Так, поэзия Есенина была неприемлемой для него: «Я к вам приду в коммунистическое далеко не так, как песенно-есенинный провитязь».
Однако, несмотря на то, что поэты по-разному видели цели поэзии, в их отношении к окружающему миру наблюдается нечто общее. Во многом это обусловливалось временем, на которое приходилось их творчество. Система отторгала все то, что ей противоречило, ей были чужды и враждебны яркие индивидуальности, независимость, бунтарство, нелицеприятная правда. Отсюда и следовало трагическое осознание одиночества у Есенина:
Какого ж я рожна
Орал в стихах, что я с народом дружен?
Моя поэзия здесь больше не нужна,
Да и, пожалуй, сам я тоже здесь не нужен.

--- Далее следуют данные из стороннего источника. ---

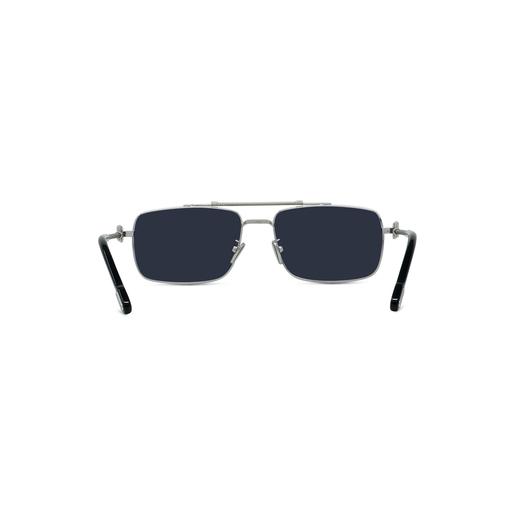 Fred FG40087U 16D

Маяковский, видевший свою неординарность, тоже понимал свое одиночество в поэтическом мире, но осмысление его было несколько иного плана: противопоставляя себя «толпе», «стоглавой воши», он считал себя выше нее: «Я захохочу и радостно плюну, плюну в лицо вам» («Нате», 1913).

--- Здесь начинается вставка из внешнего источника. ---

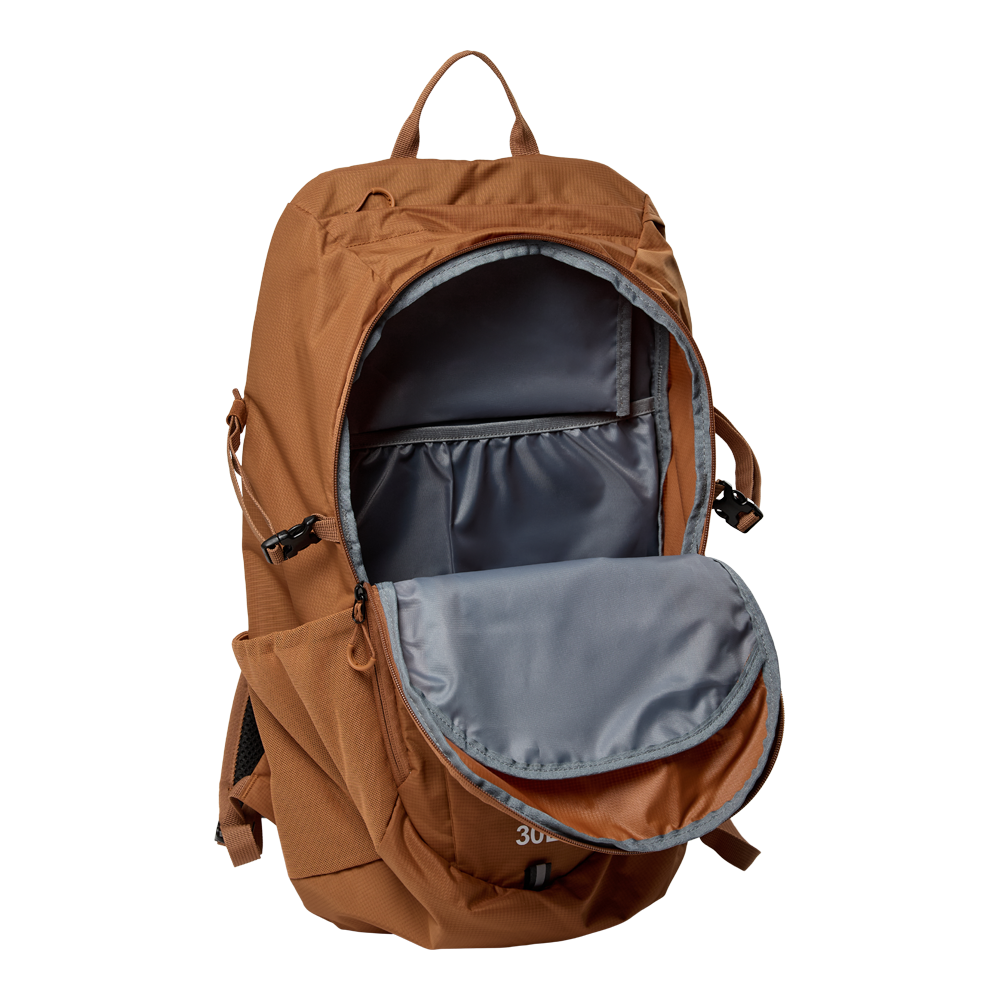 NORD Rucksack 30L - Rucksack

Место своих произведений в литературе Есенин и Маяковский определяли по-разному. Есенин подсознательно чувствовал, что он и его время терпят крах, и крестьянскую культуру заменит другая. И все же у него была вера в то, что память о нем останется:
Не живые, чужие ладони,
Этим песням при вас не жить!
Только будут колосья-кони
О хозяине старом тужить.
Маяковский, напротив, твердо убежден в том, что его поэзия никогда не утратит современности и будет всегда актуальна: его творчеству будут обеспечены бессмертие и память в последующих поколениях:
Мой стих
трудом
громаду лет прорвет
и явится
весомо,
грубо,
зримо,
как в наши дни
вошел водопровод,
сработанный
еще рабами Рима.
Итак, понимание творчества у Есенина и Маяковского кардинально отличается. Принадлежа к одному времени, они были сторонниками разных идей. Если Есенин был противником революции как стихийной силы, нарушающей привычную жизнь, то Маяковский, наоборот, одобрял ее, так как видел в ней обновляющую силу. Различие их позиции в характере и содержании было неслучайным.

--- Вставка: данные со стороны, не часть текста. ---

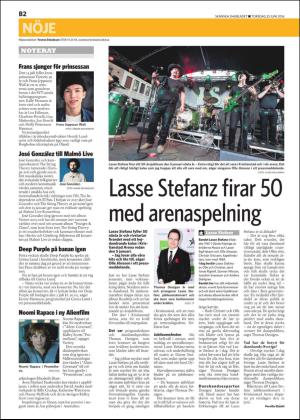 skanskadagbladet_z3_b-20160623_000_00_00_002.pdf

Блок принадлежал к числу символистов. Символизм был преимущественно устремлен к художественному ознаменованию идей, находящихся за пределами чувственного восприятия. Символисты провозглашали интуитивное постижение мирового единства через символическое обнаружение соответствий и аналогий. Музыкальная стихия объявлялась праосновой жизни и искусства. Отсюда — господство лирико-стихотворного начала, вера в иррационально-магическую силу поэтической речи.
Важнейшими особенностями русского символизма, возникшего в 1910-х годах, явились катастрофическое мировоззрение и обостренное внимание к поиску роли личности в истории, к ее связи с «вечностью» и сути вселенского «мирового процесса».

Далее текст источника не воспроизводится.